3.6. Molecular Docking to Investigate Protein–Ligand Interaction
Molecular docking helps to effectively predict the relationship between protein structure and ligand molecules [43]. The biological activity of the small molecules with proteins can be determined with docking analysis [44]. The results of CB-DOCK2 are presented in Figure 3. Before docking, the small molecules/ligands [Amino-2-Hydroxymethyl-Propane-1,3-Diol and (4R)-2-Methylpentane-2,4- Diol] were prepared. Substrate binding affinity is an important characteristic for determining binding capacity with the specific enzymes. Four parameters in the field of chemoinformatics, namely, absorption, distribution, metabolism, and excretion (ADME), are required for targeted binding assessment with ligands [45,46]. Enzymes play important roles in cellular biological processes with high industrial value, such as XI in bioethanol production. Hence, mechanistically appropriate binding affinity of the substrate with the enzyme need to be aptly predicted for its future industrial usage [47].
Five possible binding sites of the proteins to interact with the small molecules (ligands) were predicted by calculating the centers and sizes with a novel curvature-based cavity-detection approach using Autodock Vina [30]. The curvature-dependent surface-area model [48] of large molecules (XIs) with small molecules [(4R)-2-Methylpentane-2,4-Diol and Amino-2-Hydroxymethyl-Propane-1,3-Diol] was made using predicted binding affinity interactions between proteins and ligands. Among all predicted binding scores (Vina scores), the interactions with the lowest binding energy were selected (Figure 3). The binding affinity of all the interactions was found to be good. The hyperthermophile had a binding energy of −4.5 KJ/mol for (4R)-2-Methylpentane-2,4-Diol and −5.3 KJ/mol for Amino-2-Hydroxymethyl-Propane-1,3-Diol. The thermophile had a binding energy of −5.1 KJ/mol for both (4R)-2-Methylpentane-2,4-Diol and Amino-2-Hydroxymethyl-Propane-1,3-Diol. The mesophile had a binding energy of −5.4 KJ/mol for (4R)-2-Methylpentane-2,4-Diol and −4.4 KJ/mol for Amino-2-Hydroxymethyl-Propane-1,3-Diol. Finally, the psychrophile had a binding energy of −4.5 KJ/mol for (4R)-2-Methylpentane-2,4- Diol and −5.1 KJ/mol for Amino-2-Hydroxymethyl-Propane-1,3-Diol.

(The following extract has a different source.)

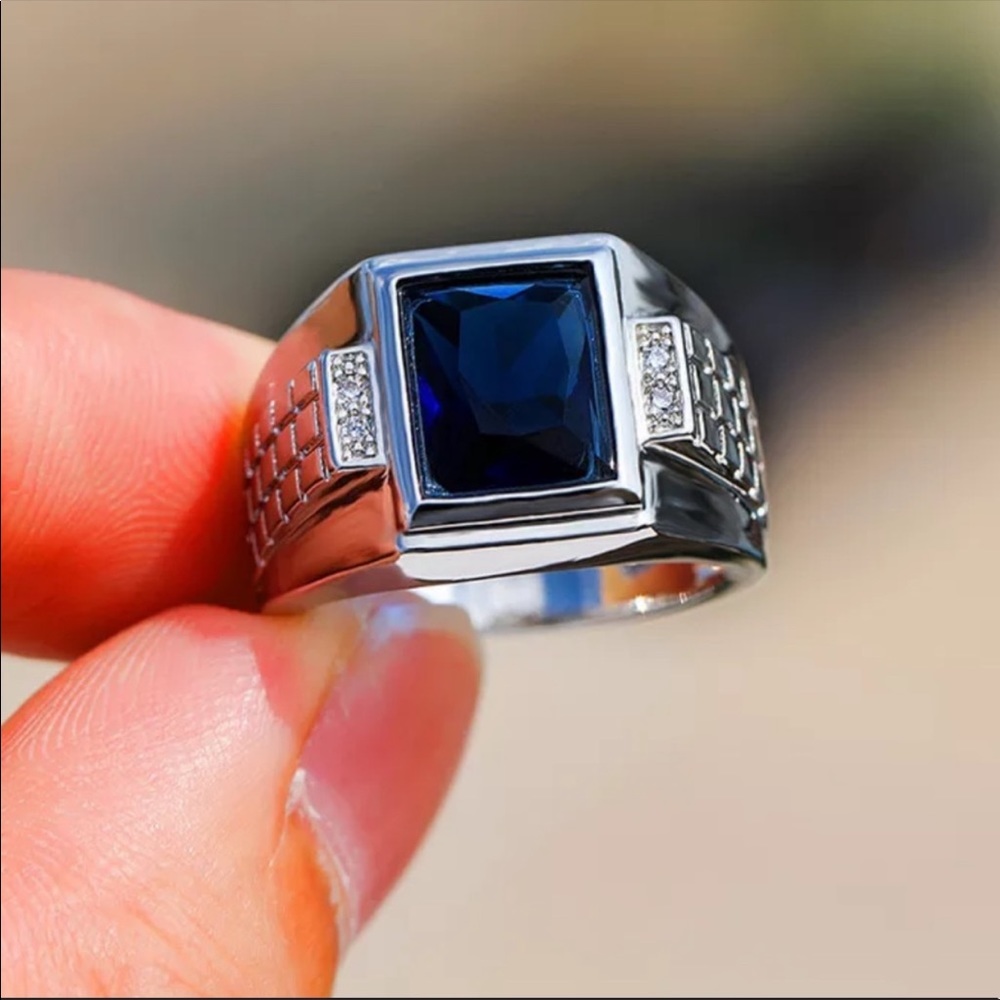 NEW SILVER BLUE BLING CUT ROCK CUBAN RING - Picture 2 of 3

Therefore, the mesophile (1XYC) demonstrated better binding affinity (−5.4 KJ/mol) with the large active cavity docking for (4R)-2-Methylpentane-2,4- Diol as small molecule (Figure 3). The ligand was colored by element (blue: N, red: O, grey: C, and white: H) attached to O or N atoms (Figure 3). The ligand formed a closed cavity-like structure with the help of hydrogen bonds near the end of the coil and atoms of the aromatic ring, which disappear at the time of protein–ligand docking [12].
4. Conclusions
The present study suggests that the chosen four model proteins of XI from different bacterial origins based on growth temperatures are of good quality with stable crystallographic structure. Structural analysis confirms the strict cytoplasmic nature of the bacterial XI enzymes. In addition, they are also thermostable and hydrophilic. From the overall comparison, it was found that the psychrophile is more much structurally stable than the other three bacterial XI. All four enzymes have more than 95% amino acid residues in the energetically favorable region of the Ramachandran plot. From the present in silico study, it was found that the psychrophilic and hyperthermophilic XI are more thermally stable than the mesophile, whereas, because of the presence of random coils, the thermophile and mesophile are more functionally active compared to the other two XIs. From structural validation, it was found that all the XIs are structurally stable with very little variation in their values. Mesophilic XI showed minimal binding affinity with the small molecules [only (4R)-2-Methylpentane-2,4-Diol] denoting the function of the active site of the protein. In addition, the thermophile also has minimum binding affinity for both the ligands [(4R)-2-Methylpentane-2,4-Diol and Amino-2-Hydroxymethyl-Propane-1,3-Diol respectively]. Hence, from the functional point of view, the mesophilic and thermophilic XI can be efficiently used in the food industry in the future. Finally, this comparative in silico structure–function analysis of bacterial XIs will help in designing the necessary laboratory setup to conduct industrial experiments properly in the future by choosing the right candidates.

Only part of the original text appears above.